## Records shown:

* * * * *

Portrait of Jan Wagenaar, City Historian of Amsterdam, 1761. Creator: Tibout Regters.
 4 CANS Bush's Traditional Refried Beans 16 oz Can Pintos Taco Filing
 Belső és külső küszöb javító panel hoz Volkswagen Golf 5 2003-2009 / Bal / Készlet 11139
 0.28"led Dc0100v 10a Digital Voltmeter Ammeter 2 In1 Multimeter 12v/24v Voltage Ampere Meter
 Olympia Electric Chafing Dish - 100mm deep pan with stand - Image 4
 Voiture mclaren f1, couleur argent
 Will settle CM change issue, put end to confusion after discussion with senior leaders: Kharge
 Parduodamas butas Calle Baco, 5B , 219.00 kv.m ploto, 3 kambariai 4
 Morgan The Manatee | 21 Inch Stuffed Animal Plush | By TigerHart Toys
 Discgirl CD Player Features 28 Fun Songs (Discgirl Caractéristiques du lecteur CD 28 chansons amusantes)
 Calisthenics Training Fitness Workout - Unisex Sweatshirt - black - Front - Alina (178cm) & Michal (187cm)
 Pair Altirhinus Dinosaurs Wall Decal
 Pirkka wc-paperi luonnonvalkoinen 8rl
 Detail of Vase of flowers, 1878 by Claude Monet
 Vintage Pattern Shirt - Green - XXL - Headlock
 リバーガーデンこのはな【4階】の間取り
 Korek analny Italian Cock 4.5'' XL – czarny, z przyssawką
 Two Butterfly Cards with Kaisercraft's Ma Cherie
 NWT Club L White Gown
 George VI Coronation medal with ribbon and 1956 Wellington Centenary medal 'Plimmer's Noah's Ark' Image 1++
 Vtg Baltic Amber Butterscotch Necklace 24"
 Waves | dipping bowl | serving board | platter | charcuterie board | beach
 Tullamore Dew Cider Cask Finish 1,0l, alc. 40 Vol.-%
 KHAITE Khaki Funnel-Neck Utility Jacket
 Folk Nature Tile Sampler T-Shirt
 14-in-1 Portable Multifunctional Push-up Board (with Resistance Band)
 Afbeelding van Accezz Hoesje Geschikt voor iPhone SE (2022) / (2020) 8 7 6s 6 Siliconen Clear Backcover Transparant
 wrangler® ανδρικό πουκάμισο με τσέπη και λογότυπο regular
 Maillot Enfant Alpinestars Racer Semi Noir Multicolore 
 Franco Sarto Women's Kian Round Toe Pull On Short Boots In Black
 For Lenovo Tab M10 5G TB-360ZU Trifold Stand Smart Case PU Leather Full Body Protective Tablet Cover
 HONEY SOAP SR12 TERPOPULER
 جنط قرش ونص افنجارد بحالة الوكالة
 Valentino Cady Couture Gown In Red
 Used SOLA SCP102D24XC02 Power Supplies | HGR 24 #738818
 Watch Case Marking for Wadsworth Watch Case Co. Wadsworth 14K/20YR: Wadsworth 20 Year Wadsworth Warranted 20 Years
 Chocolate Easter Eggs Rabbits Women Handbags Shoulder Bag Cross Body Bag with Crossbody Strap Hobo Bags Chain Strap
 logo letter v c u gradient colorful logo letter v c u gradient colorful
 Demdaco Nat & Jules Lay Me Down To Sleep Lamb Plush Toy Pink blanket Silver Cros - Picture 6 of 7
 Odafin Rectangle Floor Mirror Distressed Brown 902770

* * * * *

The response should be the lines from the one containing "Morgan The Manatee" through the last line of the data, set down exactly and with no other line.

 Morgan The Manatee | 21 Inch Stuffed Animal Plush | By TigerHart Toys
 Discgirl CD Player Features 28 Fun Songs (Discgirl Caractéristiques du lecteur CD 28 chansons amusantes)
 Calisthenics Training Fitness Workout - Unisex Sweatshirt - black - Front - Alina (178cm) & Michal (187cm)
 Pair Altirhinus Dinosaurs Wall Decal
 Pirkka wc-paperi luonnonvalkoinen 8rl
 Detail of Vase of flowers, 1878 by Claude Monet
 Vintage Pattern Shirt - Green - XXL - Headlock
 リバーガーデンこのはな【4階】の間取り
 Korek analny Italian Cock 4.5'' XL – czarny, z przyssawką
 Two Butterfly Cards with Kaisercraft's Ma Cherie
 NWT Club L White Gown
 George VI Coronation medal with ribbon and 1956 Wellington Centenary medal 'Plimmer's Noah's Ark' Image 1++
 Vtg Baltic Amber Butterscotch Necklace 24"
 Waves | dipping bowl | serving board | platter | charcuterie board | beach
 Tullamore Dew Cider Cask Finish 1,0l, alc. 40 Vol.-%
 KHAITE Khaki Funnel-Neck Utility Jacket
 Folk Nature Tile Sampler T-Shirt
 14-in-1 Portable Multifunctional Push-up Board (with Resistance Band)
 Afbeelding van Accezz Hoesje Geschikt voor iPhone SE (2022) / (2020) 8 7 6s 6 Siliconen Clear Backcover Transparant
 wrangler® ανδρικό πουκάμισο με τσέπη και λογότυπο regular
 Maillot Enfant Alpinestars Racer Semi Noir Multicolore 
 Franco Sarto Women's Kian Round Toe Pull On Short Boots In Black
 For Lenovo Tab M10 5G TB-360ZU Trifold Stand Smart Case PU Leather Full Body Protective Tablet Cover
 HONEY SOAP SR12 TERPOPULER
 جنط قرش ونص افنجارد بحالة الوكالة
 Valentino Cady Couture Gown In Red
 Used SOLA SCP102D24XC02 Power Supplies | HGR 24 #738818
 Watch Case Marking for Wadsworth Watch Case Co. Wadsworth 14K/20YR: Wadsworth 20 Year Wadsworth Warranted 20 Years
 Chocolate Easter Eggs Rabbits Women Handbags Shoulder Bag Cross Body Bag with Crossbody Strap Hobo Bags Chain Strap
 logo letter v c u gradient colorful logo letter v c u gradient colorful
 Demdaco Nat & Jules Lay Me Down To Sleep Lamb Plush Toy Pink blanket Silver Cros - Picture 6 of 7
 Odafin Rectangle Floor Mirror Distressed Brown 902770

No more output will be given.